TerraNetes

DEPRECATION NOTICE

This repository has been deprecated in favor of karch, a Terraform module that wraps kops, the official tool to deploy and manage Kuberenetes clusters on AWS. It isn't as opinionated as Terranetes:

One can deploy multiple cluster topology
One can choose its distribution
...

In addition you have all the power of kops to roll upgrade your cluster, the etcd deployment is (almost) guaranteed to be resilients, events and Kubernetes state are stored in distinct etcd containers, therefore, an event spawn won't threaten the health of your Kubernetes clusters, configuring RBAC is possible...

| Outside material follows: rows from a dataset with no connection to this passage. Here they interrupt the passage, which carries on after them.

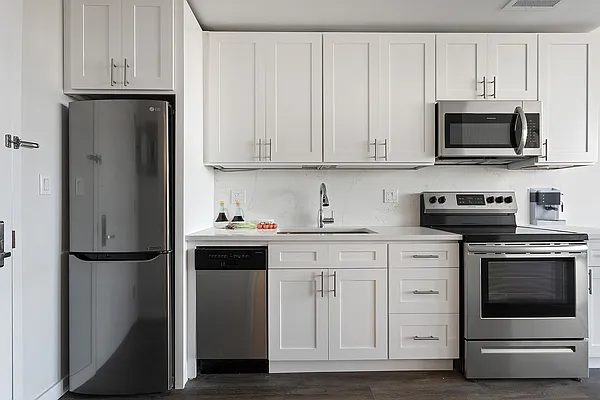 Rented by Modern Spaces | media 2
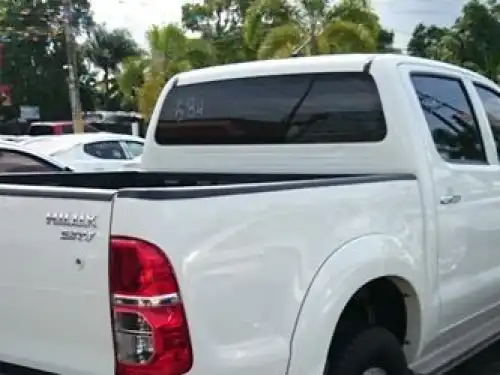 Toyota Hilux  2013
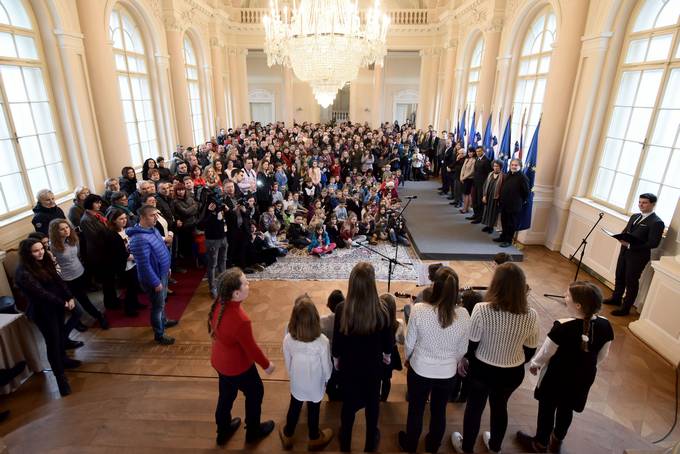 Ob dravnem prazniku slovenskem kulturnem prazniku v Uradu predsednika Republike Slovenije dan odprtih vrat
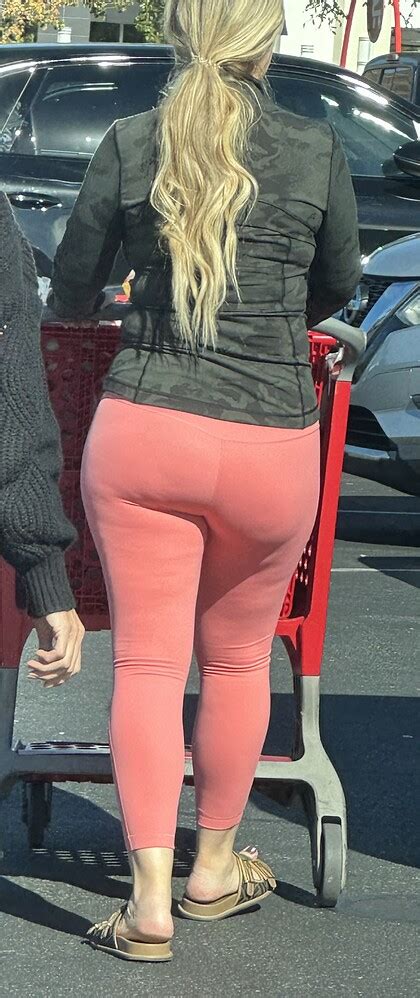 Gorgeous Blonde Milf With A Massive Plump Ass In Pinkish Leggings Spandex Leggings Yoga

This repository won't be maintained anymore. Use it at your own risk.

TL;DR

Deploy a self-managed, production-grade Kubernetes-on-top-of-Container-Linux cluster on AWS... in one command. All you need to do is select the components you want (instance type, initial size, CoreOS AMI and channel...)

Why Terraform ?

awesome AWS support and possibility to write the same design implementation on other platforms (OpenStack, GCE & Azure)
the best infrastructure-as-code tool we found in terms of state transition, it also seems to be the one the community fell in love for
modules are a great way to reshape your Kubernetes cluster, in particular, it enables us to easily have different worker clusters with different specs (amount of RAM or disk, number of CPU cores, GPU...). We're running different types of workloads (api servers, data mining, machine learning...) and have different hardware requirements for each of these tasks. Terraform makes it easy to create specialized worker clusters... and Kubernetes to assign specialized pods on the appropriate cluster.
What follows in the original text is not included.